Four Ghost Towns Under Lake Texoma




Lake Texoma is only a couple feet below normal water levels after the hot, dry summer of 2012. But in 2011 the water levels were much lower, and some American history became exposed after many, many years. Under normal conditions there are 550 miles of shoreline on Lake Texoma, with the Red River arm (45 miles long) in Texas and the Washita arm (30 miles long) in Oklahoma, all of which covers 93,080 acres impounded by Denison Dam.

In 1944 when Lake Texoma began filling up, it changed the landscape considerably, both in Oklahoma and in Texas. It forced relocation of railroads, highways, utilities, and cemeteries. A few towns, however, gave up their identities forever as lake waters submerged their boundaries and wiped them off the map. Preston, Texas, also known as Preston Bend was a prominent town located on the Red River in North Texas, ideally located and used as the Red River crossing of the Butterfield Stage Lines and the Shawnee cattle trail.

The little town prospered in the 1800s due to its strategic location for military and trade roads. Like so many other towns around the country, Preston suffered economically when the Missouri, Kansas & Texas railroad passed by to the east of town, cutting off business from travelers and cattle drives. The former town site is near Pottsboro. Hagerman, Texas was located on a spur off FM 1417 about eight miles NW of Sherman. Originally called Steedman after S. D. Steedman, a respected county judge, it swelled in population from the 1870s, and then it changed names when the railroad came through in 1909.

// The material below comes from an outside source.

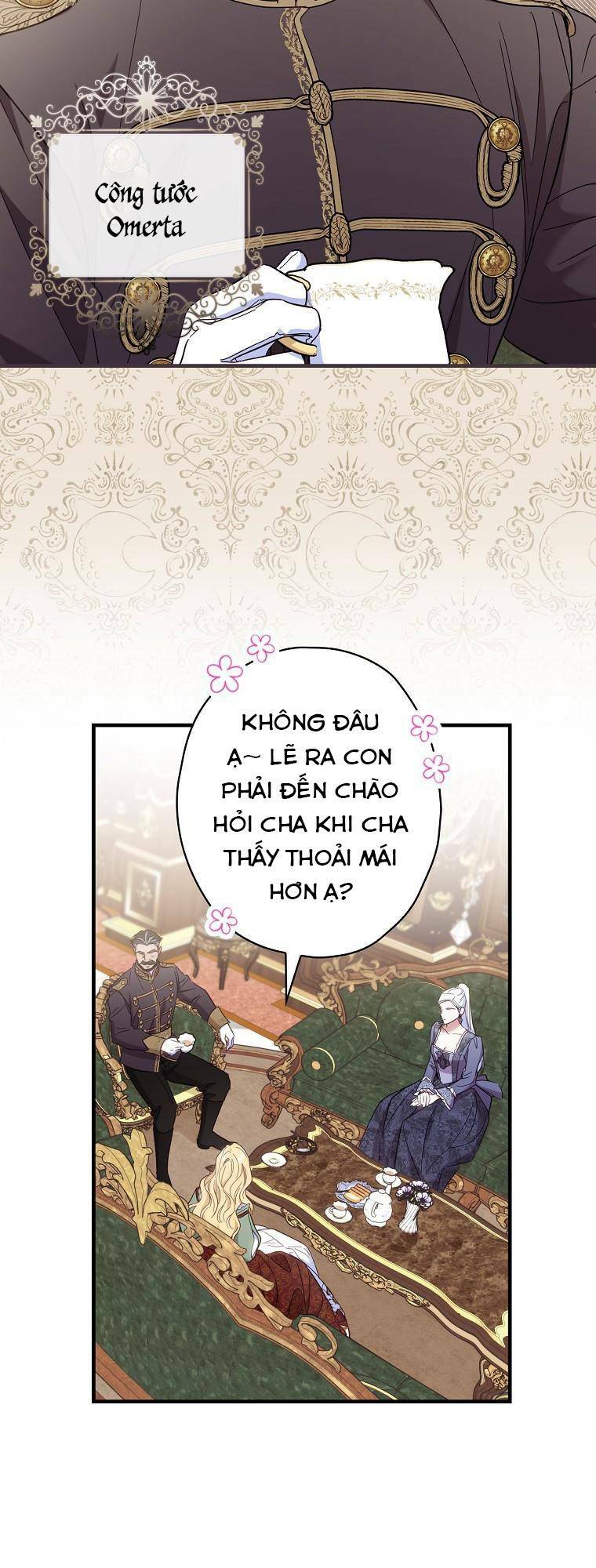 Phương Pháp Khiến Phu Quân Đứng Về Phía Tôi - Chapter 23 - Page 37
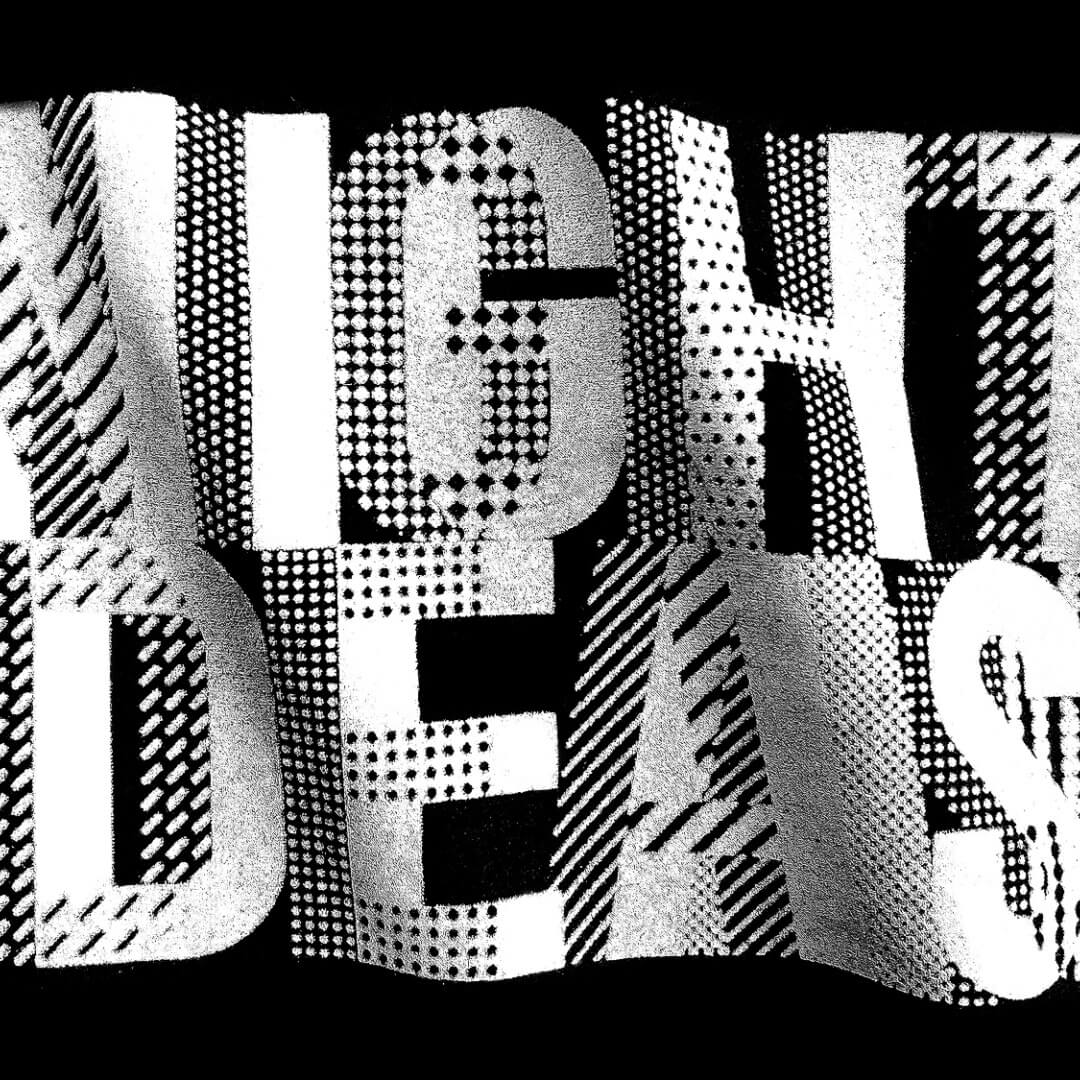 Festival Visual Identity for Night of Ideas Brooklyn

James Hagerman was a railroad attorney at that time. Hagerman's population was reported as 150 in the 1930s and 1940s until it became submerged in 1944, but Hagerman still showed up on a 1970 county highway map. Cedar Mills, Texas was located twenty-four miles NW of Sherman, and it, too, saw settlers arrive in the 1870s. Grain and lumber mills were built in the thick groves of cedar trees along the Red River, inspiring the name of the town and attracting commerce from farmers and lumbermen.

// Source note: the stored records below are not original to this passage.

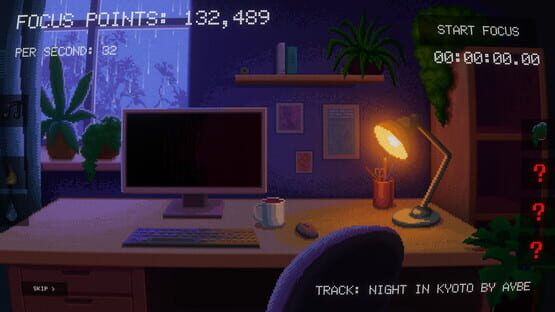 Screenshot Flow State: Max Chill Edition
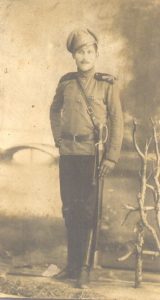 Павел Саяпин был расстрелян в 1924 году.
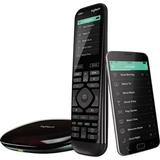 Restored Logitech Harmony Elite Universal Remote with Harmony Hub Works with Alexa (Refurbished)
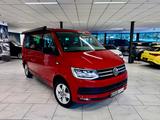 Volkswagen T6 California 2.0 TDI BEACH 6STZ AHK STNDHZG LED - rote Volkswagen T6 California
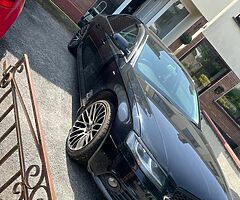 Audi A4 2011 1.8T manual
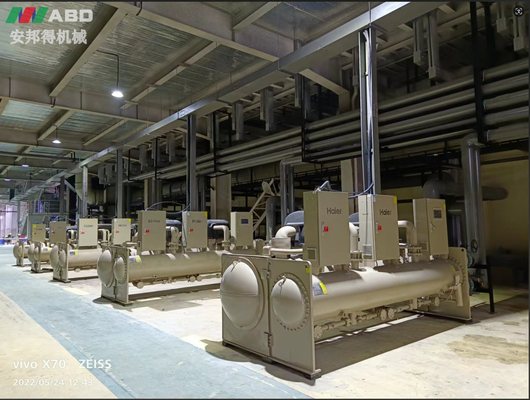 High Performance Customized Voltage Professional Multiple Electric Cabinet Vertical Anodizing Production Line For Aluminum Surface Treatment ABD Equipment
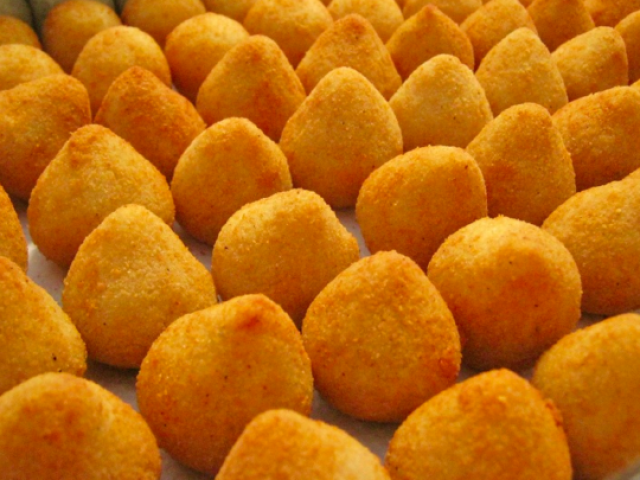 ♡ Coxinha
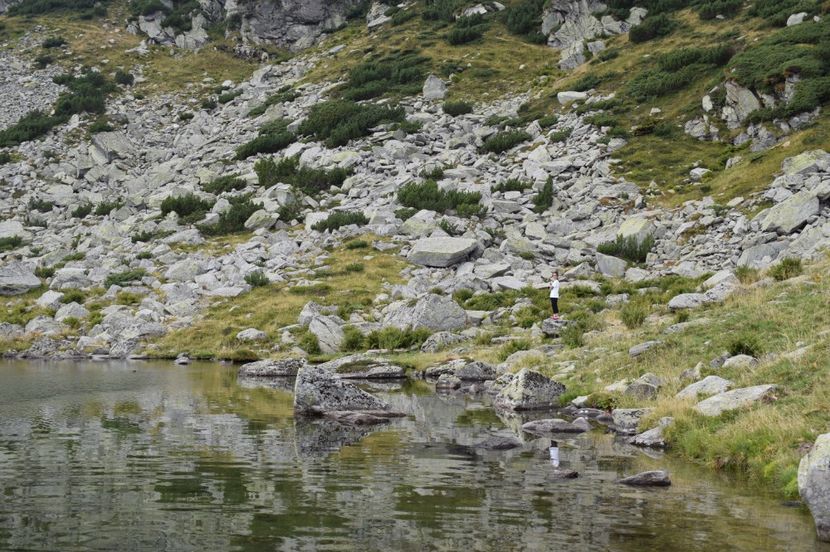  - 2017 -Obarsia Lotrului - a doua zi - traseul cu Refugiul Agatat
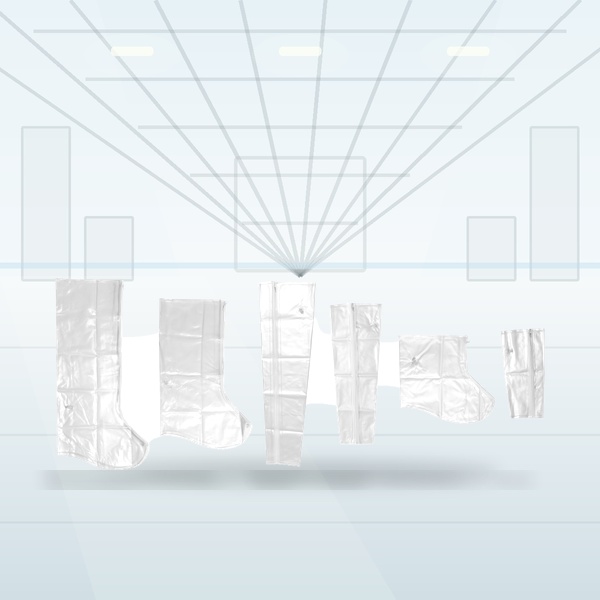 High-quality materials for long-lasting use and comfort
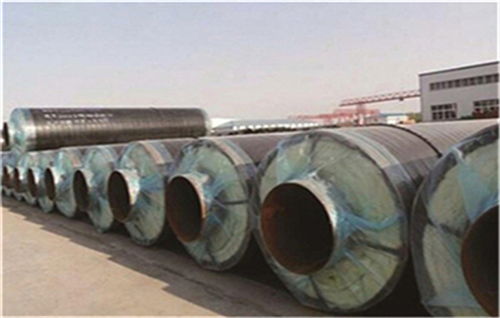 常州保溫鋼管廠家周報 筑牢城市供水生命線，守護千家萬戶用水安全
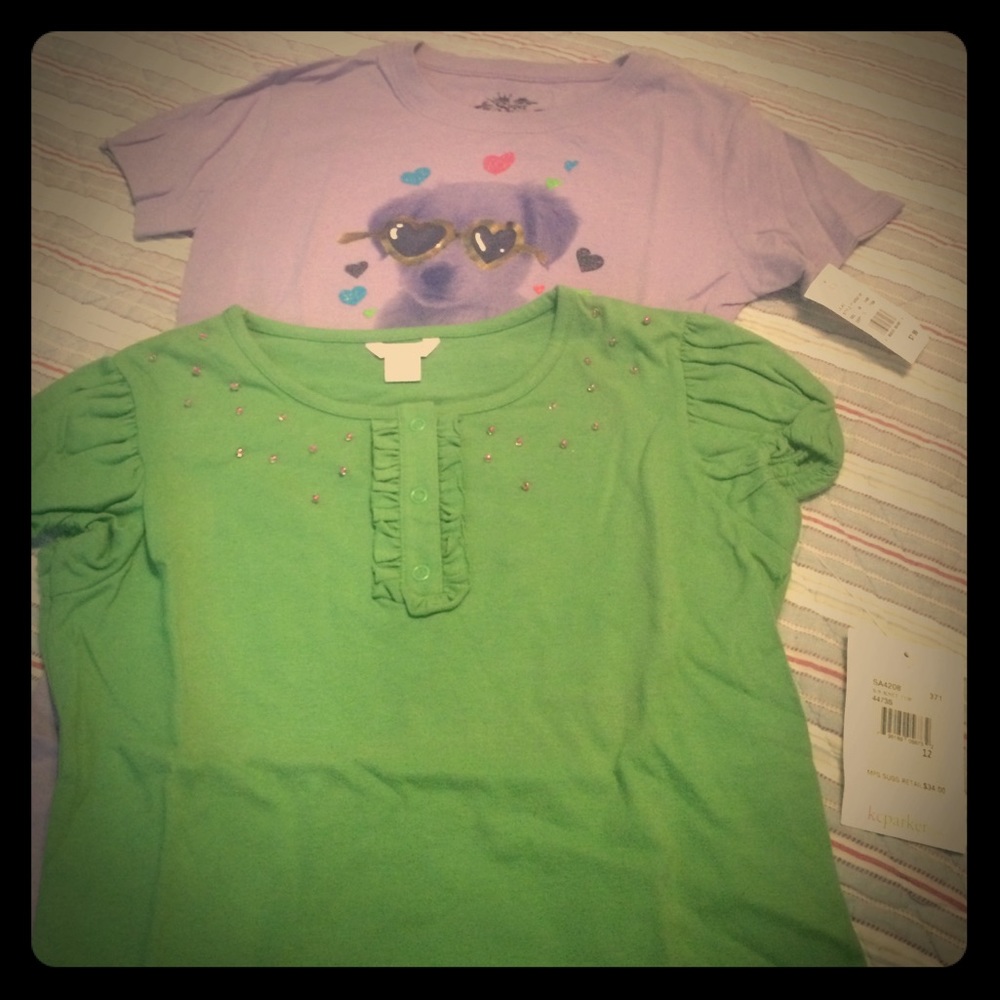 Girls Shirts!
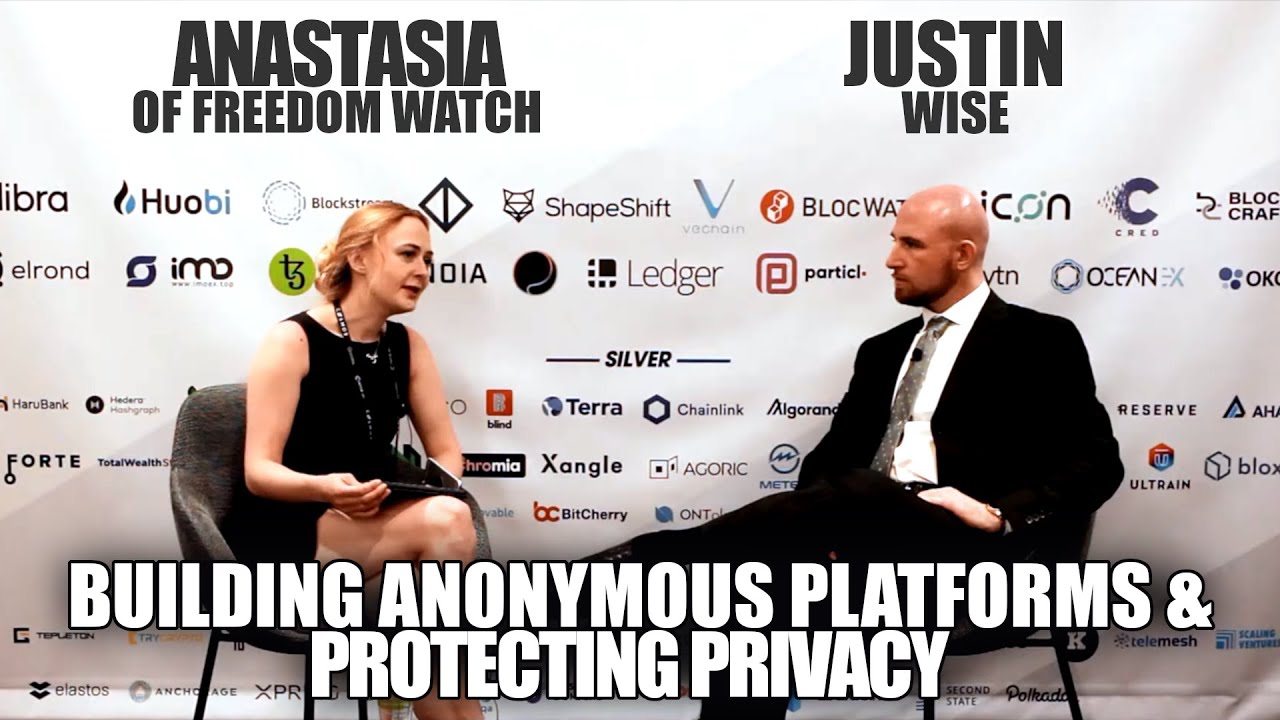 Building an Anonymous Platform, How Do We Protect Privacy - Anastasia ...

A hotel and racetrack were built to accommodate all the local visitors when, by 1884 the population grew to 500. Sadly, the railroad bypassed the thriving town of Cedar Mills as well, and there were only 50 residents reported in the 1930s, a few years before the whole place was flooded by Lake Texoma. Drought brought many grave stones out of the water and into the open in the summer of 2011 when lakes all over the state of Texas had water levels drop to unprecedented lows.

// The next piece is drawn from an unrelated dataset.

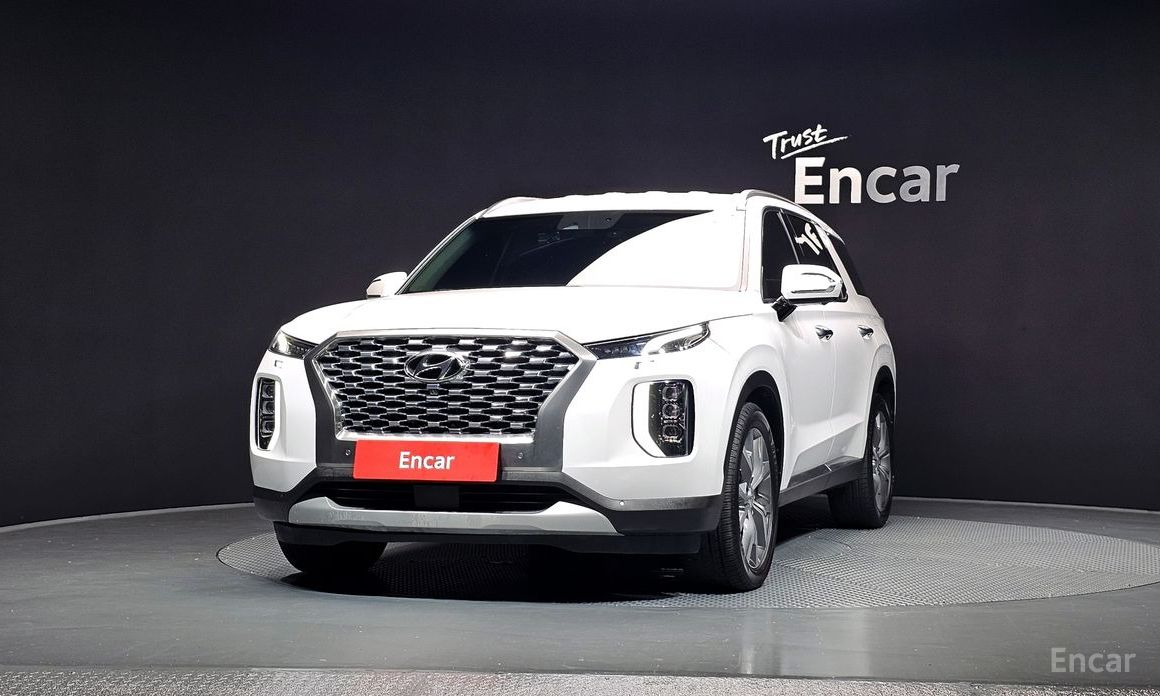  Hyundai Palisade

Woodville, Okalahoma was named after Judge L. Lipscomb Wood, a prominent Chickasaw citizen at the time and a fitting tribute to what some have called the first town in Indian Territory. It was reported to have had 360 residents in 1944 when it sank into an underwater ghost town.

Last summer a former Woodville resident is reported as sharing,

"Bonnie and Clyde used to come to old Woodville to the chicken fights and they camped right over here in this area what's known as Washita Point. One time for about three weeks they stayed in that area but then they cleared on out without causing any kind of a problem here."

Please post your own stories of these ghost towns and any others submerged under Lake Texoma now.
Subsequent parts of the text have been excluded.